══ TASK INPUTS
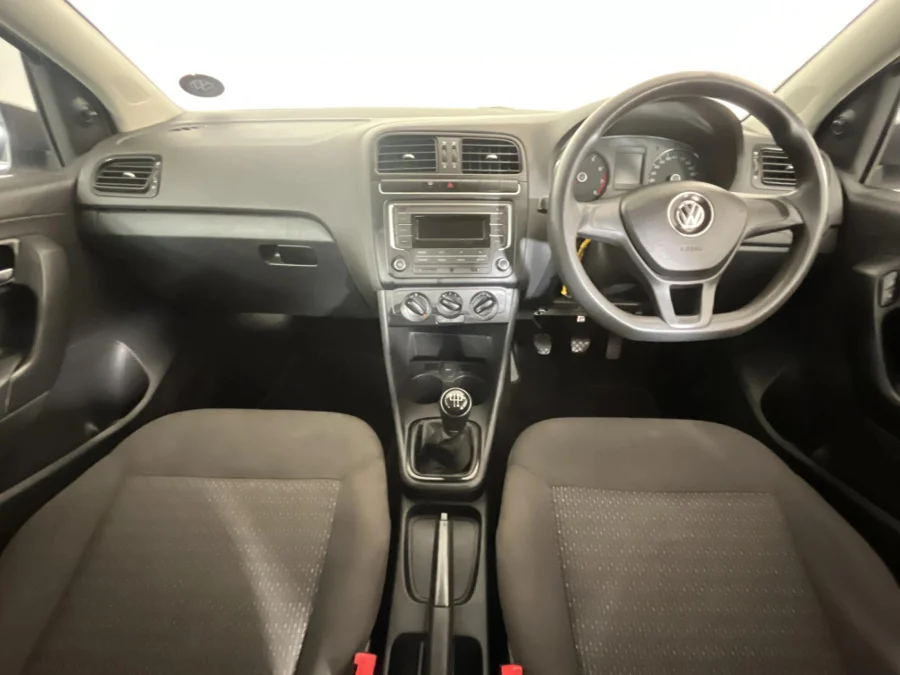 Used 2020 Volkswagen Polo Vivo hatch 1.4 Trendline - WeBuyCars JHB South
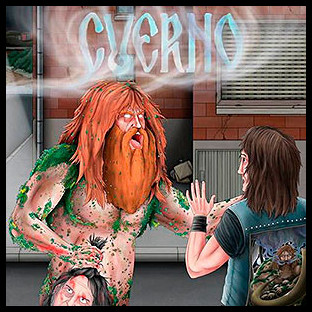 CUERNO - Rec Comtal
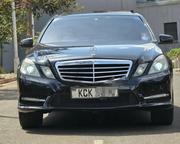 Mercedes-Benz E250 2012 Black for sale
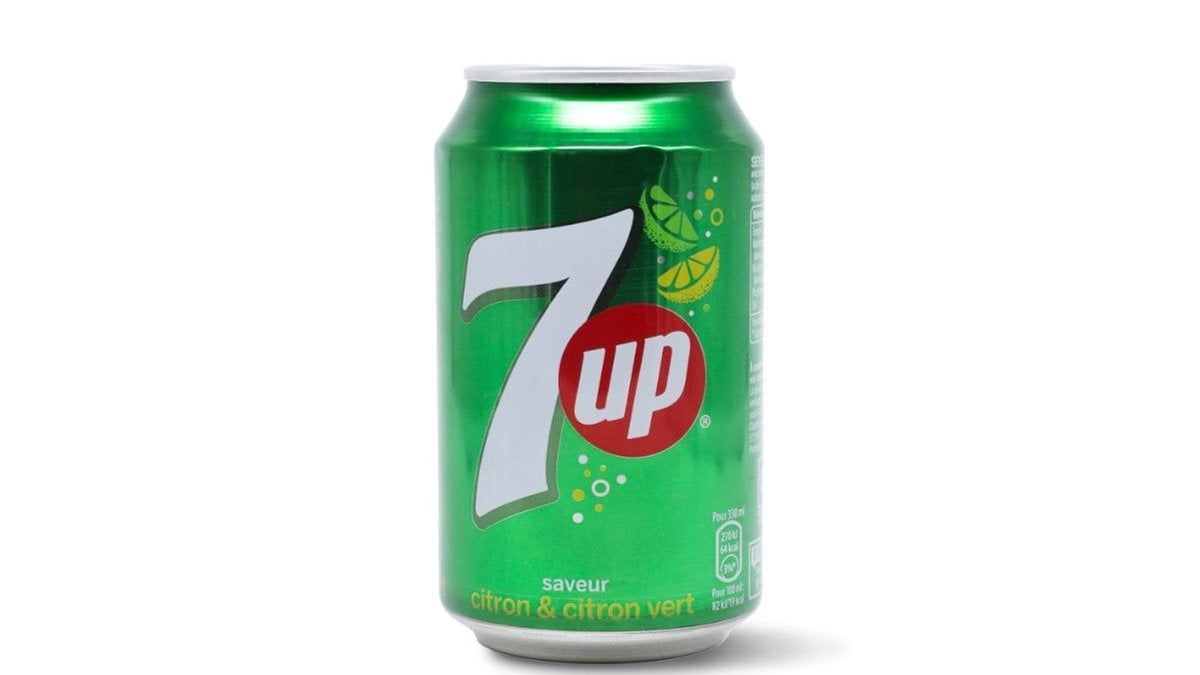 7Up Can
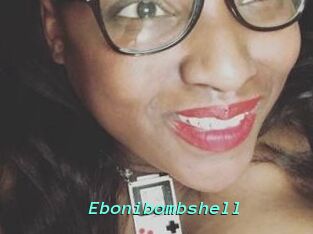 Ebonibombshell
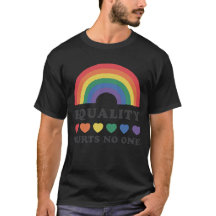 GELIJKHEID DOET NIEMAND PIJN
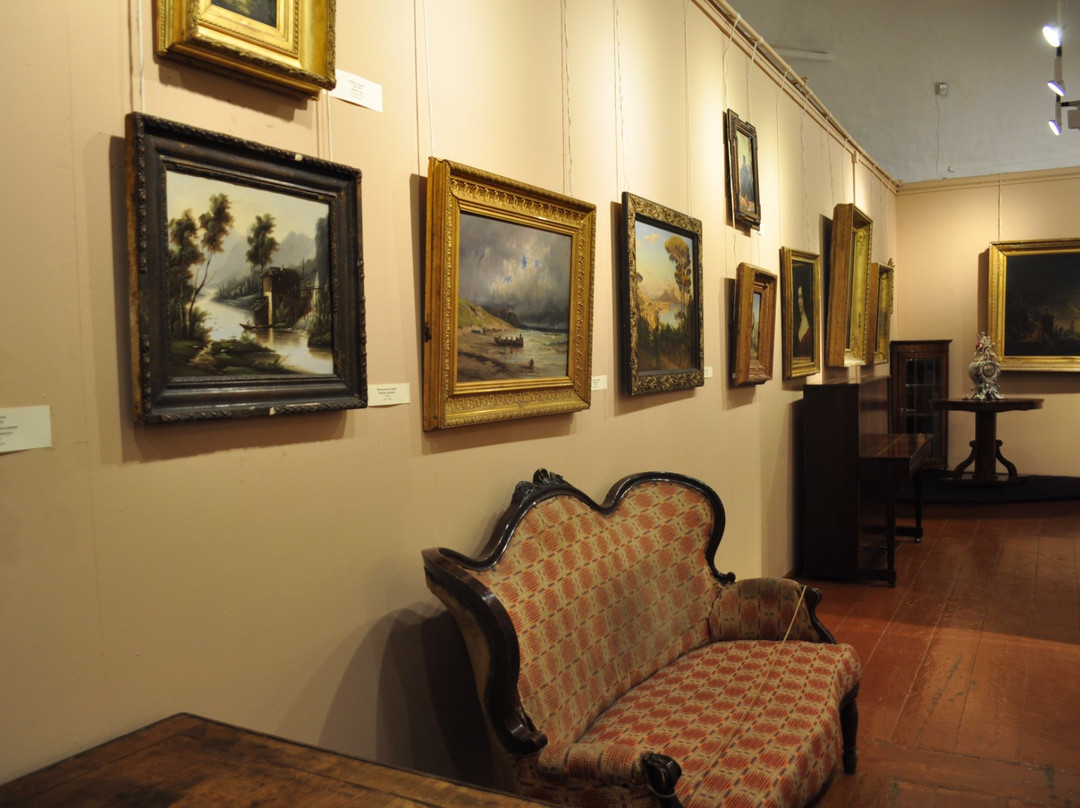 Museum of Local Lore-Ustyuzhna必去景点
════
WHAT IS NEEDED: Every line of the data above is to be set down word for word, with the pictures left out.

TASK SOLUTION:
 Used 2020 Volkswagen Polo Vivo hatch 1.4 Trendline - WeBuyCars JHB South
 CUERNO - Rec Comtal
 Mercedes-Benz E250 2012 Black for sale
 7Up Can
 Ebonibombshell
 GELIJKHEID DOET NIEMAND PIJN
 Museum of Local Lore-Ustyuzhna必去景点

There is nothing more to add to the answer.